Os primeiros dez anos de vida do clube, centrados unicamente no futebol, não foram, porém, dos mais tranquilos para a colônia ita­liana. Muitos dos imigrantes foram chamados de volta a seu país, convocados para lutar na guerra contra a Alemanha. Um deles foi Au­gusto Vicari, segundo presidente do Palestra. Sucessor do brevíssimo Ezequiel Simone, que pediu demissão depois de dois meses no cargo, Vicari ficara apenas oito meses na presidência. No futebol, havia uma outra “guerrinha”. O Palestra podia jogar amistosos, mas não era aceito no campeonato oficial, o da Associação Paulista de Esportes Atléticos (APEA), cujo quadro estava completo, com seis participan­tes. Só em 1916, com a saída de um desses ti­mes, o Scotch Wanderers, formado por ingle­ses, o Palestra pôde entrar na disputa.

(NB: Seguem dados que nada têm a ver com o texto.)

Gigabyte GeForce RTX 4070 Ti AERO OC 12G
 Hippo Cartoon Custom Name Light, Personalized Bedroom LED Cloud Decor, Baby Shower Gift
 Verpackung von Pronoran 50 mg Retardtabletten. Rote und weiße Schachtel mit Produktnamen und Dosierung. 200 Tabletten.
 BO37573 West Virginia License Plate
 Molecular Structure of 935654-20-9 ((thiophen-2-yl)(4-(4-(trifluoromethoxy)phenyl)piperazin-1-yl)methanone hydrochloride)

Em seguida, os italianos tinham uma boa no­ticia a comemorar, o fim da I Guerra, em 1918. Para os radicados no Brasil, no entanto, aquele ano foi de sofrimento e medo, com a terrível gripe espanhola, uma epidemia que só na cida­de de São Paulo matou oito mil pessoas. Os que ganhavam a vida trabalhando no campo tam­bém pressentiram dias ruins, pois presenciaram uma violenta geada que prejudicou a produção cafeeira do Brasil, àquela altura, fornecedor· de 60% de todo o café produzido no mundo.

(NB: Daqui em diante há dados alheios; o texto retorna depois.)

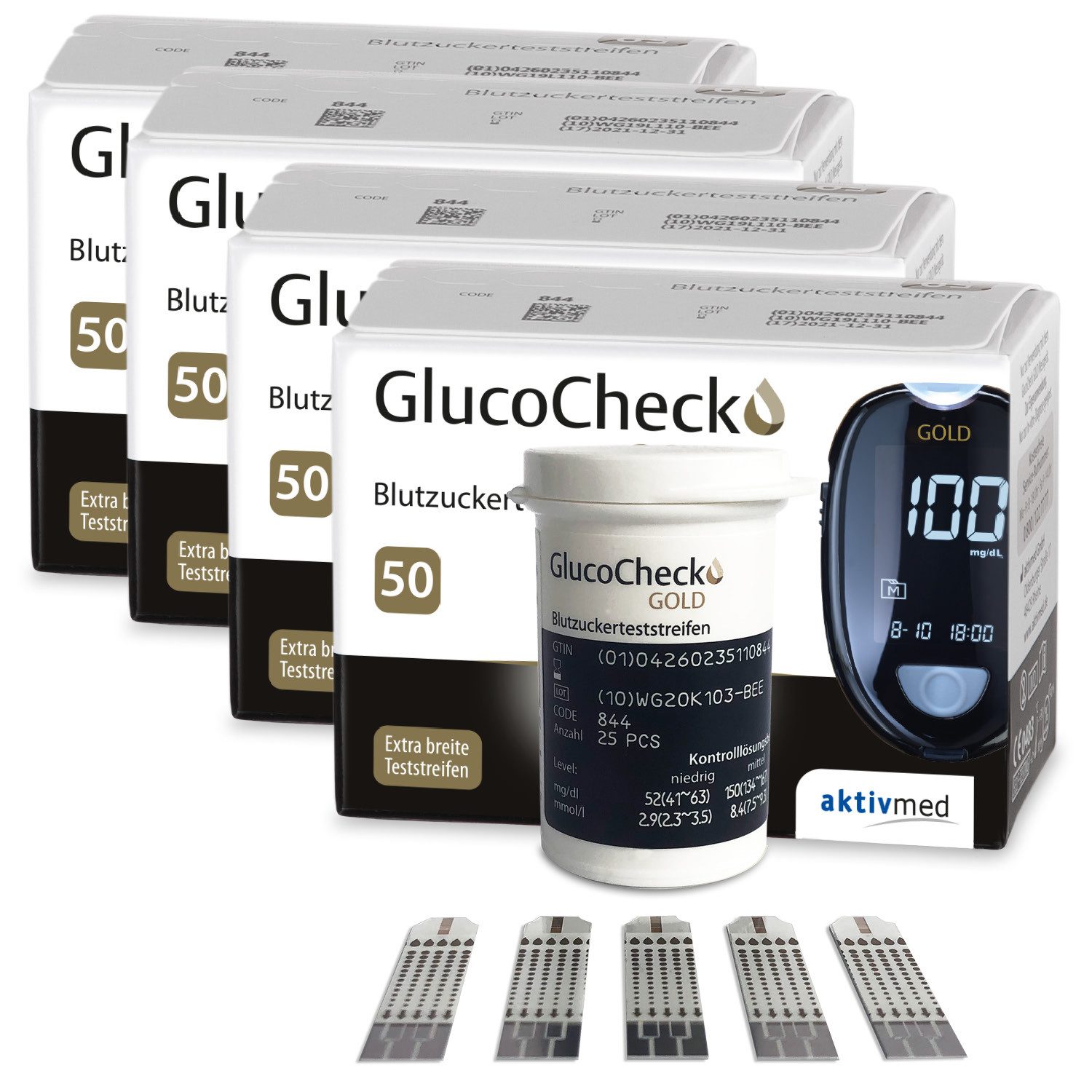 GlucoCheck Blutzucker-Teststreifen GlucoCheck GOLD Blutzuckerteststreifen, 200 Stück, 200-tlg.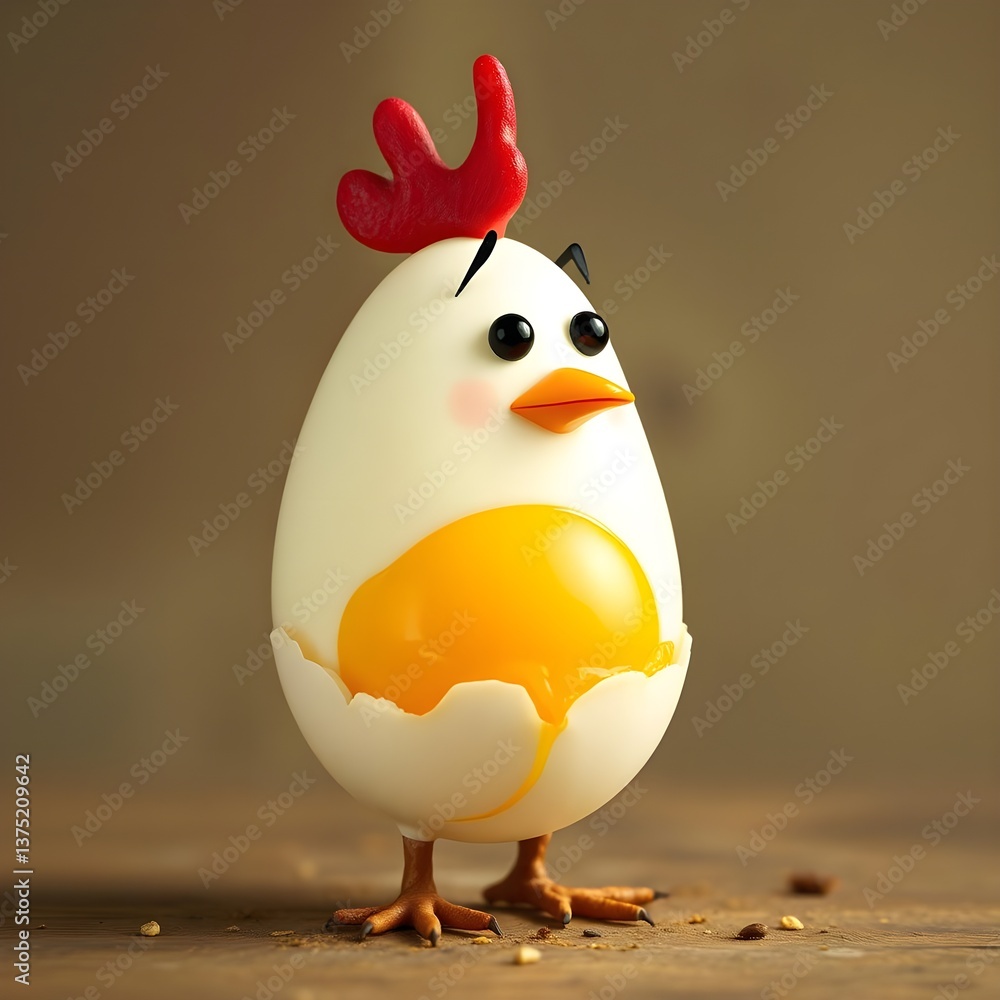 Realistic Talking Egg Character Illustration with Lifelike Details and Whimsical Charm Realistic Talking Egg Character Illustration with Lifelike Details and Whimsical Charm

Na virada da década, finalmente, os pales­trinos espantavam o baixo astral. O clube en­trou em 1920 com o titulo de vice-campeão do Campeonato Paulista da temporada anterior e, em seguida, compraria o Parque Antártica, ainda então alugado. De casa própria, inaugu­rou uma sucessão de conquistas, ao vencer o Campeonato Paulista daquele ano de 1920. (Nos primeiros dez anos de existência repetiria o feito em 26, 27, 32, 33 e 34.) Apesar dos su­cessos crescentes alcançados com o futebol, o clube não se deixou ficar só nessa modalidade. Fiel à parte dos estatutos onde prometia “culti­var os esportes em geral”, fez surgir, em 1923 a secção de basquetebol, que iniciaria suas ati­vidades efetivamente dois anos depois … e que traria outras alegrias ao crescente número de associados e simpatizantes.